MK Tamar Zandberg (Meretz) echoed this sentiment, writing on Facebook that this “closes the circle from when Netanyahu said ‘the Arabs are swarming to the polls.’” She charged that Netanyahu was cynically, and in a nasty manner, “taking advantage of proposals that have been going around the far Right for a long time.”
MK Ayman Odeh, the head of the Joint List, also accused Netanyahu of incitement.
“According to Netanyahu, he needs to rule like an emperor and the Knesset must act according to the tyranny of the majority,” he said.
Odeh accused the government of “corpse trafficking,” saying the purpose of the Balad MKs’ visit was “a basic human matter.”
“A person who dies, no matter how bad his crime is, must be buried. That does not contradict our moral and principled stance condemning all harm to innocent people,” he said.
Netanyahu and Knesset Speaker Yuli Edelstein submitted complaints to the Knesset Ethics Committee on Sunday, one of the few courses of action they can currently take against the Balad MKs. The committee received a record 450 complaints from MKs and the public regarding the matter.

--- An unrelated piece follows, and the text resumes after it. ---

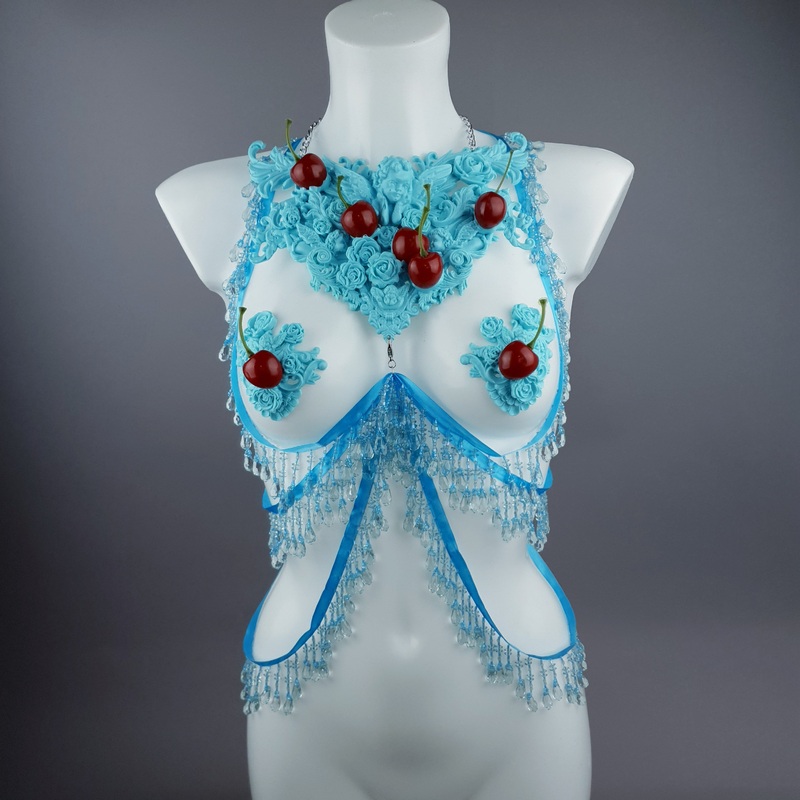 Bobelo Blue Cherry Filigree & Beading Body Jewellery with Nipple Pasties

In a related development, the cabinet approved Erdan’s recommendation to stiffen the punishment for employers who either employ, house or transport people in Israel illegally.
Under the plan, which must be incorporated into existing legislation, companies employing illegal persons may be fined up to NIS 450,000 and their businesses closed for a month. Likewise, the new directives would give the courts the authority to close down a construction site if illegal workers were employed there and to take away the contractor’s building permits.
“It needs to be understood that many of the terrorist attacks that have occurred have been perpetrated by people who are in Israel illegally,” Netanyahu told the cabinet.
“Therefore, we must make whoever employs them, whoever shelters them, whoever transports them – bear the consequences.”
Erdan said employers hiring workers not in the country legally was a “national plague” that stems from “weak punishment.”
Yonah Jeremy Bob contributed to this report.